Veículo imaginário híbrido de caravela e tanque de guerra

Todos somos colonialistas. Todos somos colonizados. Eis, em resumo, o espírito do artigo que escrevi semanas atrás nesta Folha, a respeito do ensaio “On Settler Colonialism”, de Adam Kirsch.

O pesquisador Bruno Huberman discorda de mim e avança com dois argumentos: o colonialismo é um fenômeno característico da modernidade (antes do século 15, infere-se, não haveria colonialismo) e o conceito de “indígena” só deve ser aplicado aos nativos de um território conquistado pelos europeus. São duas asserções duvidosas, para dizer o mínimo.

Ponto prévio: o colonialismo foi um processo de brutalidade sobre os nativos. Sobre isso, eu e Bruno Huberman estamos de acordo. Como dizia Churchill, “a história da raça humana é a guerra”. E acrescentava: “Exceto por breves e precários intervalos, nunca houve paz no mundo; e antes do início da história, a luta assassina era universal e incessante”.

Só me afasto de Huberman na forma seletiva como ele aplica a sua grelha de análise. O colonialismo, ao contrário do que afirma Huberman, não é um exclusivo da modernidade e do homem europeu branco.

Partindo do pressuposto de que é possível apagar a história que não nos interessa (a história de egípcios, assírios, persas, romanos, árabes, zulus, astecas, incas etc.), o período moderno e contemporâneo também abarca o colonialismo brutal de russos, turcos ou chineses.

A tese de que o único colonialismo que importa foi produto de europeus brancos é arbitrária e ignara.

O mesmo problema com o conceito de indígena usado pelo colonialismo de assentamento.
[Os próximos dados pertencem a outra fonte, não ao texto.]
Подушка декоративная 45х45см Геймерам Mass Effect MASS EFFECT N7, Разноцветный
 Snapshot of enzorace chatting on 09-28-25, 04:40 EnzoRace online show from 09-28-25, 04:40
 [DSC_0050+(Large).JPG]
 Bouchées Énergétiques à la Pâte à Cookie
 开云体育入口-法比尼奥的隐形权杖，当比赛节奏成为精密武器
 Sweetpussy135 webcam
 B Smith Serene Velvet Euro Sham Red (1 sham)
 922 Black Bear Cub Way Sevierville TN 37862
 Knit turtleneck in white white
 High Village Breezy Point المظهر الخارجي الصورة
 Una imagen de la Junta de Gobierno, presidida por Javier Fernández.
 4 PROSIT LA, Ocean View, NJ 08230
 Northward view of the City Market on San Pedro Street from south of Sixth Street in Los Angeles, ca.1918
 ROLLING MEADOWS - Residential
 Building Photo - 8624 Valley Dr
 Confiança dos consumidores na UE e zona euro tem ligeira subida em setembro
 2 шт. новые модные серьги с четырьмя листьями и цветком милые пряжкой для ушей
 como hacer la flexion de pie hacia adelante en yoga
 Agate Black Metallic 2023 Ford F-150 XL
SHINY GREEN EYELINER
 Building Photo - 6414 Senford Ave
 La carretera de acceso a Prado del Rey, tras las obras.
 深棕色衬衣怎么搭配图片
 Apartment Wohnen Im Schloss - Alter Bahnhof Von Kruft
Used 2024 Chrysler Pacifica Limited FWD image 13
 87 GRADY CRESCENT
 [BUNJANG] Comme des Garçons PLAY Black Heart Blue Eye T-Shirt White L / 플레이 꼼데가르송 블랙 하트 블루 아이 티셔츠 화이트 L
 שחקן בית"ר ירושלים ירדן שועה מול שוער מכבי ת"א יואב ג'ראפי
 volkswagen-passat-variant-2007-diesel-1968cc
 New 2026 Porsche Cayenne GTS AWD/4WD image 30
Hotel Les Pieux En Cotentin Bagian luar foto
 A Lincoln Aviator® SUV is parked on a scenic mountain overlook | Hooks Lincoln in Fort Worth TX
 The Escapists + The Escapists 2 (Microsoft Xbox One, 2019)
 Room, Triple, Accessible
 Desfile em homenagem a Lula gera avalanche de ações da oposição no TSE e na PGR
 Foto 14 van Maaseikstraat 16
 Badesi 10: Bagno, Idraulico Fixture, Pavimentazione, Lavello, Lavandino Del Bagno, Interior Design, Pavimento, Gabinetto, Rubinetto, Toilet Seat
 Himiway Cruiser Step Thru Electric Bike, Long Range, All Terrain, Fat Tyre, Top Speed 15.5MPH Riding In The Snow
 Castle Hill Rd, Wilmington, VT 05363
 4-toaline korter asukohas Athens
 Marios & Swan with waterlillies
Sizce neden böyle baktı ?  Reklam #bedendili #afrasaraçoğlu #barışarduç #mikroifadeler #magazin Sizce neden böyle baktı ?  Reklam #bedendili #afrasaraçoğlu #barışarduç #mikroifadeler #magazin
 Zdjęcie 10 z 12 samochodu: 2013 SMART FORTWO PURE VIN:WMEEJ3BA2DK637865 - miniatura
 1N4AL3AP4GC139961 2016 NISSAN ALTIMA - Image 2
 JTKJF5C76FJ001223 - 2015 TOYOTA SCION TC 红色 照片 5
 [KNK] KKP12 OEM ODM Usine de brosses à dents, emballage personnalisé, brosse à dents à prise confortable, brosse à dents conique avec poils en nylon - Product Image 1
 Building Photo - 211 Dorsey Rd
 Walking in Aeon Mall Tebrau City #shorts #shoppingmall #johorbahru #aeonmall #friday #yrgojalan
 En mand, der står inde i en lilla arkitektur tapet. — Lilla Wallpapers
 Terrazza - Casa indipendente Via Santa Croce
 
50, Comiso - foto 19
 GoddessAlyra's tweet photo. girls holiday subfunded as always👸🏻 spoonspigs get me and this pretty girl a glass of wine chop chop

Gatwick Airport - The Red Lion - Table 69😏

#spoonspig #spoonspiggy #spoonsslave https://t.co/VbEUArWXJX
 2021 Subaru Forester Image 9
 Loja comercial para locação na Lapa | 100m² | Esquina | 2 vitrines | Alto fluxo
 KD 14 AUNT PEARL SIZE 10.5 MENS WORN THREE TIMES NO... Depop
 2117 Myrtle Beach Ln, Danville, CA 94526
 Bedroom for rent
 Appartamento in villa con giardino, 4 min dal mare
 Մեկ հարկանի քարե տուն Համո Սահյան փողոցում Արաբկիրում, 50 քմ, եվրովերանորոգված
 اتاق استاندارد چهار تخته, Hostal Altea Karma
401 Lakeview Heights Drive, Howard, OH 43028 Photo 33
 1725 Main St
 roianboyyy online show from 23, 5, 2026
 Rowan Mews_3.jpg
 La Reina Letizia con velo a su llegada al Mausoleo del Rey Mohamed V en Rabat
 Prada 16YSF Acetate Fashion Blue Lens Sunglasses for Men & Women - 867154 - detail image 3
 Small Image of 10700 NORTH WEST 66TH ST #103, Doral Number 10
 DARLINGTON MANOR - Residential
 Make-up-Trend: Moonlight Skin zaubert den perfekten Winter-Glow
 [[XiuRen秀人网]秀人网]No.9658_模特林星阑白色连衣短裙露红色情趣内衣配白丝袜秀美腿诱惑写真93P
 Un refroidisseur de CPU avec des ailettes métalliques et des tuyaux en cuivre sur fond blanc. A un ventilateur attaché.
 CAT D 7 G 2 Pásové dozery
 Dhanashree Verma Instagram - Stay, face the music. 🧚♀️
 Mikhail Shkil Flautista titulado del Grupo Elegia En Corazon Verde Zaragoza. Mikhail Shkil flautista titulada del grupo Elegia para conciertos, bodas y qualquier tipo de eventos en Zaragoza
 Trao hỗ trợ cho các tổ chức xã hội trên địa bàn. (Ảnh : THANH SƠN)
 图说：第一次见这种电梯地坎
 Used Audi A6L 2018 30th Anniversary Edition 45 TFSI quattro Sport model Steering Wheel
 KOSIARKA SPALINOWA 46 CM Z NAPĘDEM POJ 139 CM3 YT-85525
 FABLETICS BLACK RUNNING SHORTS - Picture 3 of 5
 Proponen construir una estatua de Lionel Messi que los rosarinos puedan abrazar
Afirma Bruno Huberman que indígenas são os que “ocupavam um território reivindicado pelos colonizadores”. É uma verdade, mas uma meia verdade.

Em nome do rigor histórico, seria preciso explicar por que motivo essa definição não se aplica aos povos conquistados por astecas, mapuches ou iroqueses.

Sem falar, claro, dos tibetanos ou dos uigures (esmagados pelos chineses), dos armênios (dizimados pelos turcos) ou até dos ucranianos (submetidos à pata russa no Donbass).

A espada não dói menos quando é manejada por um conquistador não europeu. Se pudéssemos escutar os cadáveres, tenho a certeza de que o terror seria universal.

Meu problema com o colonialismo por assentamento não está no fato de eu ter uma visão mais otimista sobre a história (ou sobre a história do colonialismo). Ironicamente, está no fato de eu ter uma visão ainda mais pessimista sobre a natureza humana, não excluindo ninguém dessa loja de horrores.

Por último, Bruno Huberman afirma que o colonialismo por assentamento não é necessariamente antissemita. Fato: pode ser apenas desconhecimento histórico. Mas as consequências da teoria, essas, podem ser antissemitas.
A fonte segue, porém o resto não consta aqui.